* [TASK PROMPT] Your copy starts at the line containing "Dulap de perete, stejar" and ends at the last line below. Copy exactly, without pictures.

* [DATA]
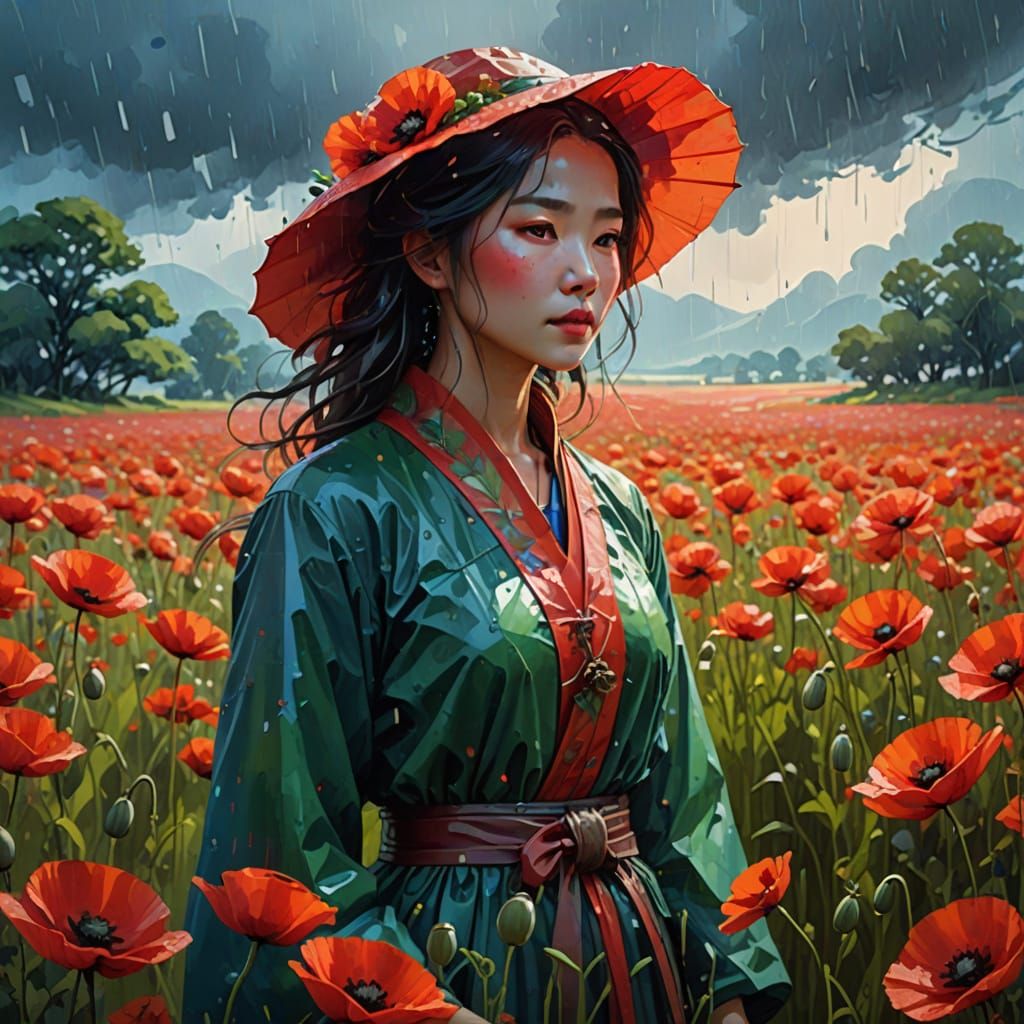 Lady in Poppy Field: Feng Zhu-Style Digital Art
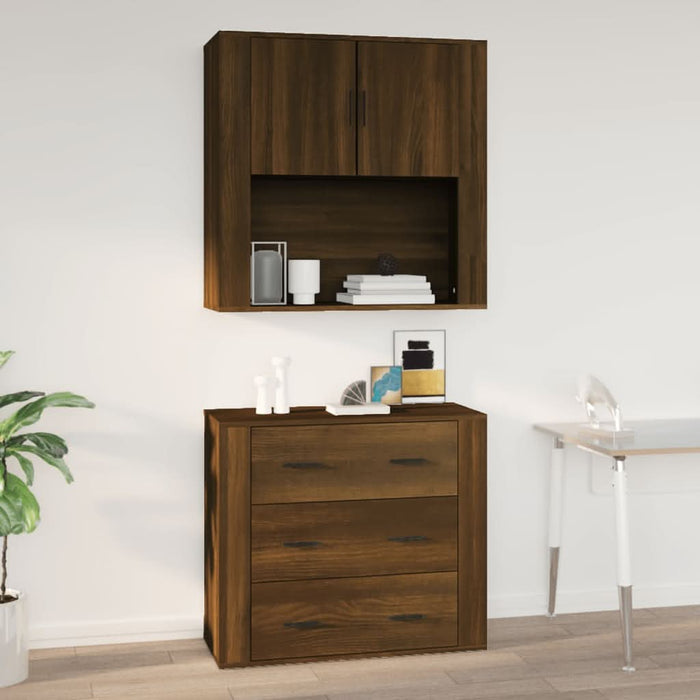 Dulap de perete, stejar maro,80x33x80 cm, lemn prelucrat - WALTI WALTI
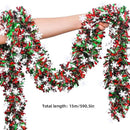 50 Feet Green Red Christmas Metallic Tinsel Twist Hanging Garland with Snowflake for Home Mantle Xmas Tree Staircase Railing New Year Holiday Party Indoor Outdoor Decorations by CozyNest Decor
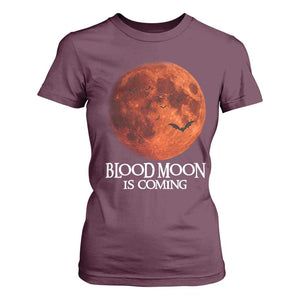 Blood Moon Is Coming Spooky Halloween T Shirt For Women Flying Bats Gothic Dark Horror Graphic TS02 Maroon Print Your Wear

* [RESPONSE AREA]
 Dulap de perete, stejar maro,80x33x80 cm, lemn prelucrat - WALTI WALTI
 50 Feet Green Red Christmas Metallic Tinsel Twist Hanging Garland with Snowflake for Home Mantle Xmas Tree Staircase Railing New Year Holiday Party Indoor Outdoor Decorations by CozyNest Decor
 Blood Moon Is Coming Spooky Halloween T Shirt For Women Flying Bats Gothic Dark Horror Graphic TS02 Maroon Print Your Wear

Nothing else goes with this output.